Любовь эта по-прежнему кажется мне прекраснейшим человеческим чувством. Я не променял бы ее на битком набитые кладези мысли всех экзистенциалистов мира, включая наших, польских. Не знаю, можно ли найти что-либо более прекрасное, чем та немного наивная любовь, которая переполняла сердце украинского поэта Гаврилюка.
5
Я тогда не дождался моего друга К. В непосредственной близости смерти вся красота жизни для меня сосредоточилась в одной паре глаз! Война всем явлениям отводит соответствующее место: отребья так и остаются отребьями, а человек становится бесценным сокровищем. Я боялся вернуться в пустую комнату; все книги мира не могли мне заменить живого К.
Я сидел на ступеньках и ждал. Но К. не явился. Некоторое время спустя рядом со мной присела поэтесса Гинчанка, Роза Сарона, прекрасная черноволосая девушка. Я рассказал ей подробности похорон. Уже стемнело, когда она ушла в ночь, в войну, в гитлеризм, который ее убил.
Ее тоже.
1955
Эйхлерувна
1
В сценическом образе, который создает Эйхлерувна, она может выразить только себя такой, какой мы ее давно знаем, — без неожиданностей, без, так сказать, «неэйхлерувских» элементов; Эйхлерувна подчиняется требованиям роли лишь постольку, поскольку того требует внешнее правдоподобие. Я не удивлюсь, если мне скажут, что актриса хотела бы всегда играть в одном и том же костюме; она именно так и играет.

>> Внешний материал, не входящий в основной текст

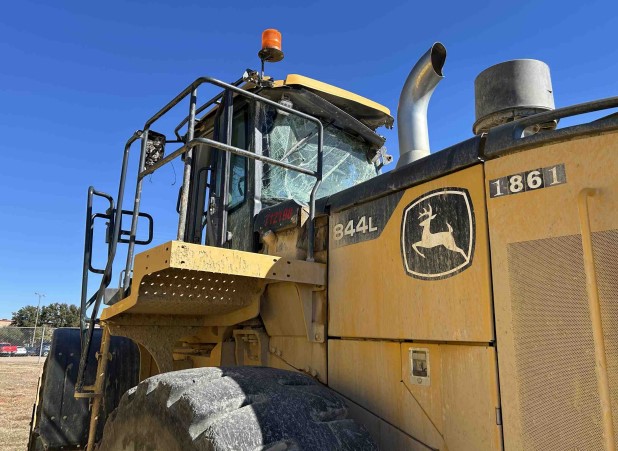 2021 Deere 844L Wheel Loader - Image 14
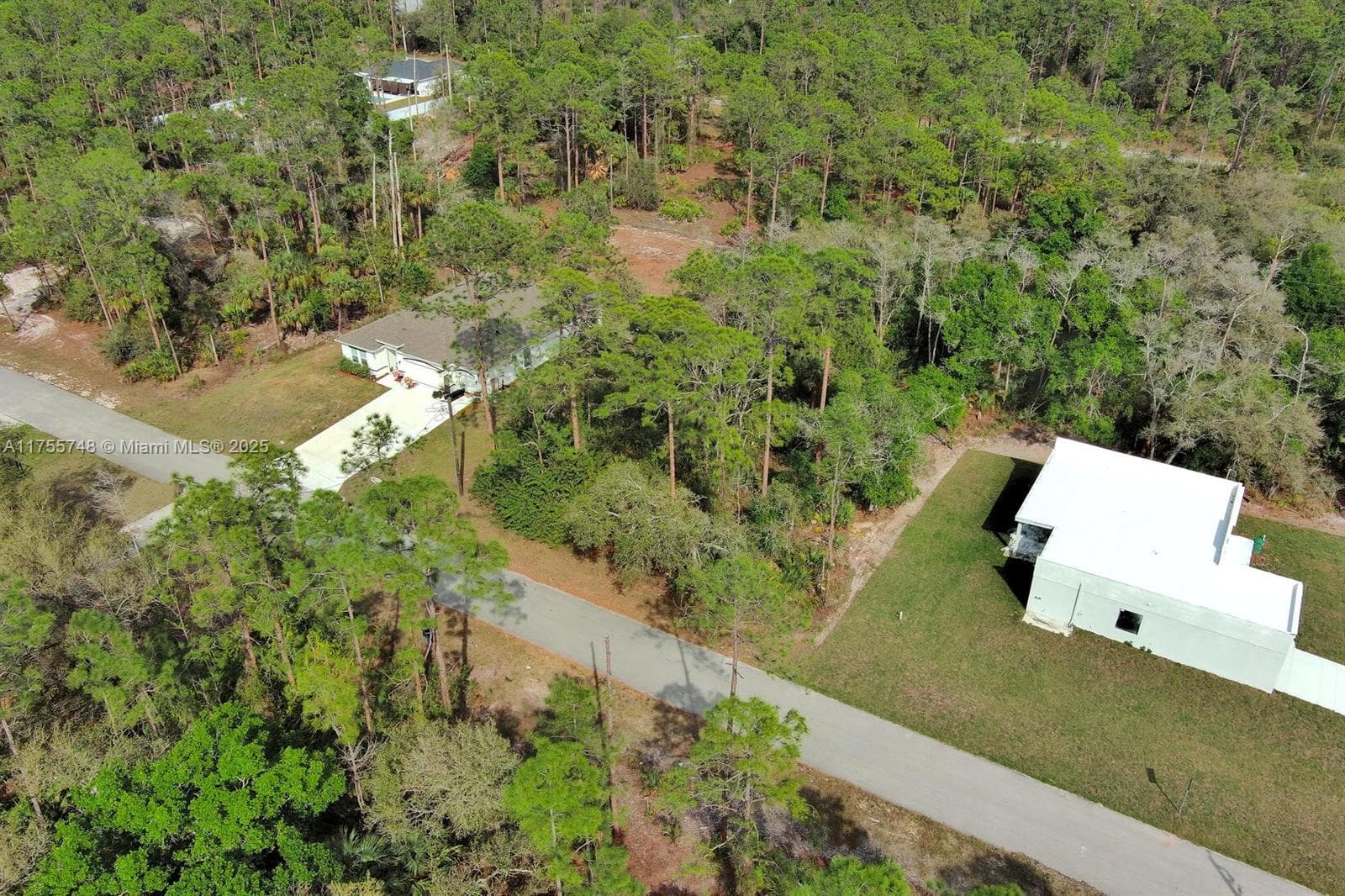 1702 Greenwood Ave, Lehigh Acres FL 33972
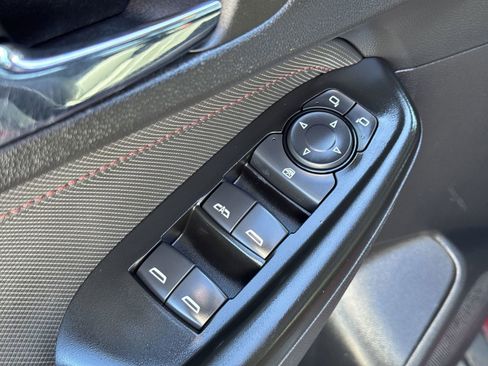 Used 2023 Chevrolet TrailBlazer RS w/ Convenience Package image 15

Входя в театр, мы заранее знаем, что актриса с первого же мгновения целиком захватит сцену, что текст она будет произносить в присущей только ей манере — немного нараспев, приближая польский язык к великим языкам мира, всегда певучим; что она потрясет нас богатством пластики, окунется в поток собственного голоса, подчинит своей власти каждый сантиметр пространства; и образ, создаваемый на сцене, поглотит и размелет целиком — как мясо в мясорубке. Часто мы входим в театр, заранее настроенные против этой тирании, против однообразия выразительных средств; часто приходим с иной концепцией роли, но кончается всегда одинаково: мы уходим покоренные и на этот раз.
Больше всего меня удивляют две вещи: то, что актриса, которая всегда играет только себя, никогда не становится скучной; и то, что ее образы от этого ничего не теряют, — напротив. Даже если роль не по душе Эйхлерувне, она придает своей героине противоположные качества, делая образ вдвойне интересным и во много раз более глубоким.
2
В маленькой комедии Мериме «Карета святых даров», когда Эйхлерувна — Камилла Перечола предстает перед Дон Андресом де Рибера, актриса не слушает его упреков. Женщины видят насквозь мужчин, с которыми живут. Эйхлерувна всегда все знает, в мире для нее нет ничего неожиданного, на сцену она выходит с переполненной душой, уже все познавшей. В этой душе как бы заключена система шлюзов, которые лишь ждут, когда их откроют. Это чувствует каждый зритель с первой минуты появления актрисы на сцене. И всегда после этого происходит одно и то же: на сцену, зрительный зал, на весь мир низвергается дождь теплых, согретых солнцем слов, округлых, трепещущих, как птица в ладони.
3
Глядя на Эйхлерувну, я вспоминаю великих актеров, для которых им: и же выработанные приемы становились как бы «фирменной маркой». Если нам известен весь запас их выразительных средств — ограниченный и повторяющийся даже у самых великих, то, казалось бы, они не должны больше вызывать у нас интереса. Между тем дело обстоит иначе. Оставаясь самим собой, великие артисты чаруют нас всегда по-новому. Скрещивая только им присущий мир с новой или даже не очень новой фабулой, побеждая или проигрывая, они каждый раз наново вызывают в нас волнение, порожденное к жизни только благодаря им. То же самое происходит с Эйхлерувной. Актриса пробуждает волнение, тайной которого владеет она одна.